The German men's national team won the World Cup with a 1-0 victory over Argentina yesterday, completing a march to the title that at times seemed almost incredible and surreal, (their 7-1 demolition of host nation Brazil in the semifinal), and absolutely workmanlike (the title match, their group stage tussles with Ghana and the USA).
But no matter how any individual game for the Germans developed, in the end they were always able to find the right combination of talent, strategy and tactics, and individual moments of inspiration and excellence needed to raise the most prized trophy in all of world sports. For US fans, continuing to warm up to the highest levels of a sport that almost (it seems) every American child has played at least some in the last 20 years, watching the German team in this World Cup had to be at least somewhat reminiscent of the recent San Antonio Spurs NBA Championship.
While there were certainly some differences between the two team's achievements, the similarities, at least to me were pretty clear, and might (apologies in advance to anyone already sickened by 'What can we learn about career management/leadership/workplaces from LeBron James returning to Cleveland' posts), I as a member of the 8 Man Rotation feel obliged to call out a few keys to both of these victories, and to take a stab at what broader application might be found therein.
Talent and system are not the same as culture, (and are more important) - Tim Sackett had a great take at Fistful of Talent last week about 'system' hiring and it is well worth a read. Both the Spurs and Germany 'play the right way', i.e., organize their players and approach the game in a particular way in that each player understands their role, and how it contributes to the overall goals of the team. While each team has recognizable and extremely successful individual players, (Duncan and Parker on the Spurs, Muller and Klose for Germany), none of the games and the strategy ever seemed to be about these individuals.
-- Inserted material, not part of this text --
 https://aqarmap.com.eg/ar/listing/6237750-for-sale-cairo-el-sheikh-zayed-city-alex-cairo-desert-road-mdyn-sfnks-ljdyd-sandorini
From beginning to end each team approached and played the games as a team. Not once in the NBA Finals or in the World Cup late stages did I recall hearing any commentator say something like 'The Spurs (or Germany), will only go as far as player XYZ takes them.' It was always a team effort, not one that relied on one or two talents. In fact, many of the players on the Spurs for sure, probably only succeed because they are in the Spurs system, and they have found the right fit for their talent.
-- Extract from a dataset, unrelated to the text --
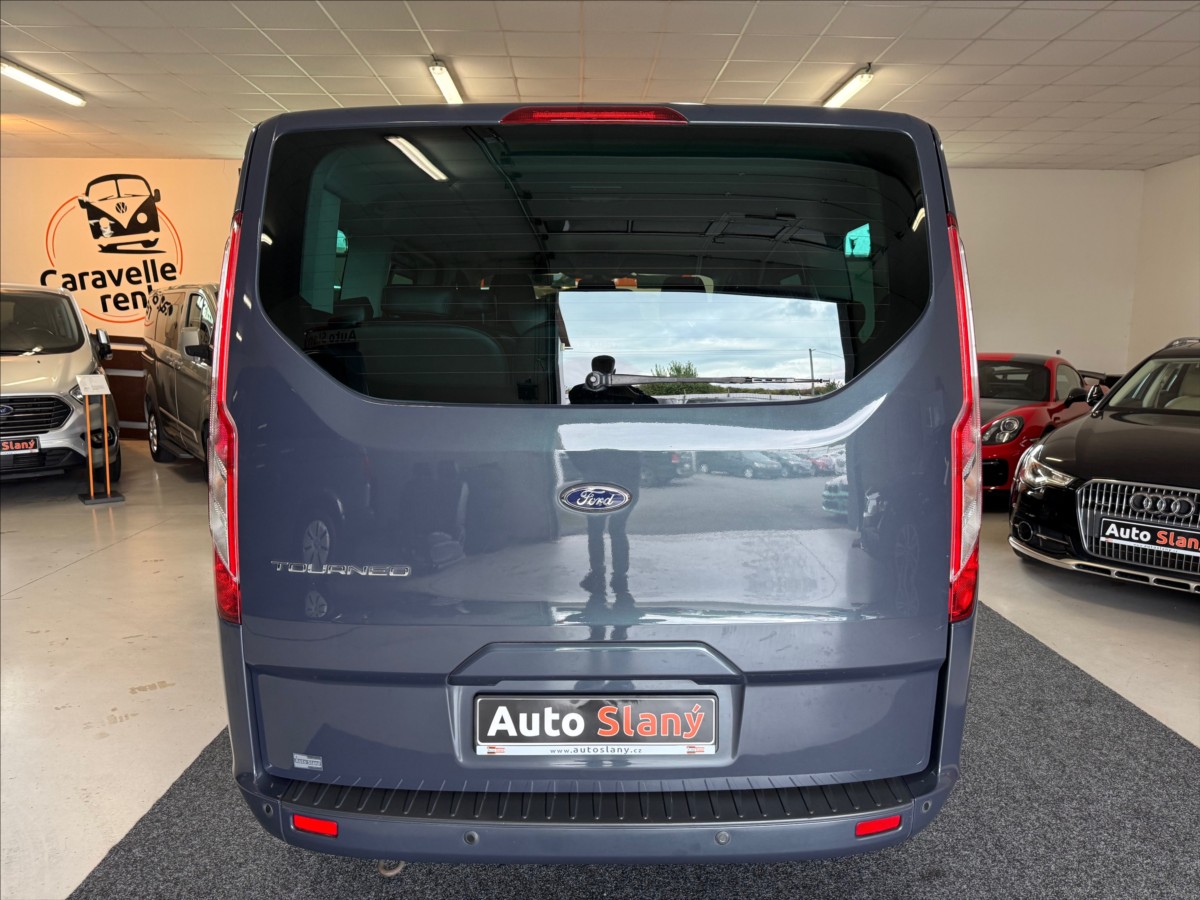 Ford Tourneo Custom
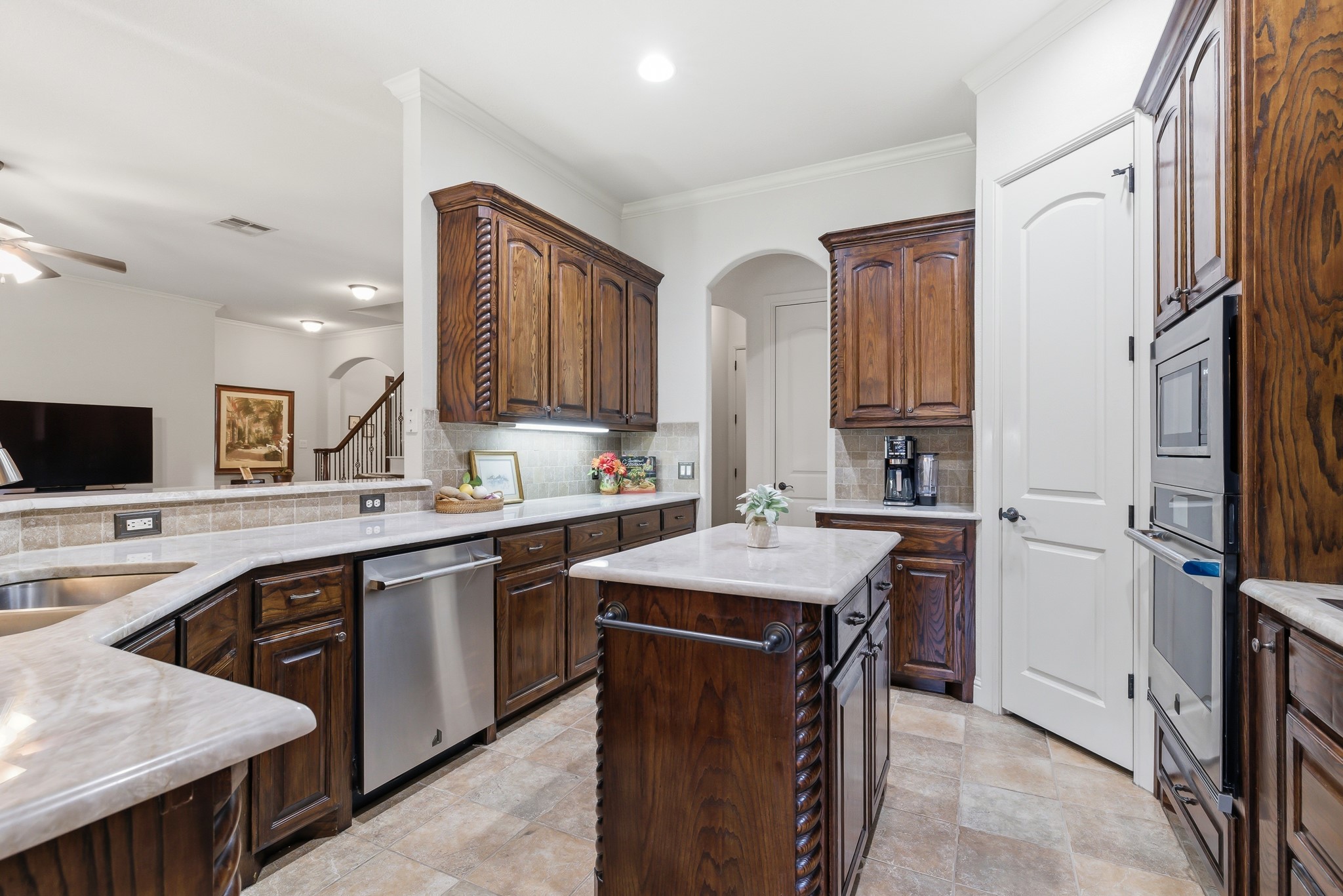 7013 Cherrybark Lane North Richland Hills TX 76182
In the long run, discipline and belief trumps emotion - In the pre-game of the World Cup semifinal the home team Brazil had cranked up the emotional meter to 11 - they had 70,000 fans behind them, they 'felt' like it was their destiny to win on their home soil, and even held up the jersey of their injured and unable to play star Neymar in the pre-game line-up. It would have been easy for Germany to succumb to that emotional and psychological pressure, and give up and early goal or two. Instead, the German side stuck to their plan, withstood the first 10 minutes or so of Brazil's efforts, and then set on a goal scoring flurry not seem ever before in a World Cup semifinal. Similarly, in the final game of the NBA Finals, the two-time defending champion Miami Heat jumped out to an early lead against the Spurs, only to find the Spurs back to just about even by halftime, as the Spurs system and discipline proved more that Miami could match. When you have a system, and the right talent that has bough in to the system, then the lesson is to stick with it, don't panic when your opponent seems to have the upper hand, and double down on what you know will be successful in the long game.
Most of us are really bad at evaluating talent - The Spurs had the NBA's best regular season record. The German side are full of top-level players from the world's most famous clubs. Yet neither was favored to win their respective championships prior to the final series or game. The Heat, with best player in the world LeBron James, and Brazil with their history of success (and home nation status), were expected to lift the trophies that ended up being held by the Spurs and Germany. We kept looking for excuses why the Spurs or Germany could not win (the Spurs were too old, Germany had not won the World Cup in 20+ years, and never outside of Europe), that we let ourselves be fooled. Even the leaders of these great teams might not understand talent completely. The World Cup winning goal was set up and scored by two players that were not even in the starting team of 11. I think this is is often the same thing that occurs in day-to-day talent assessment and evalution. We are trained to look for the reasons why someone won't or can't succeed, instead of focusing on the things that they are talented and strong at, and thinking about ways to leverage the skills they have.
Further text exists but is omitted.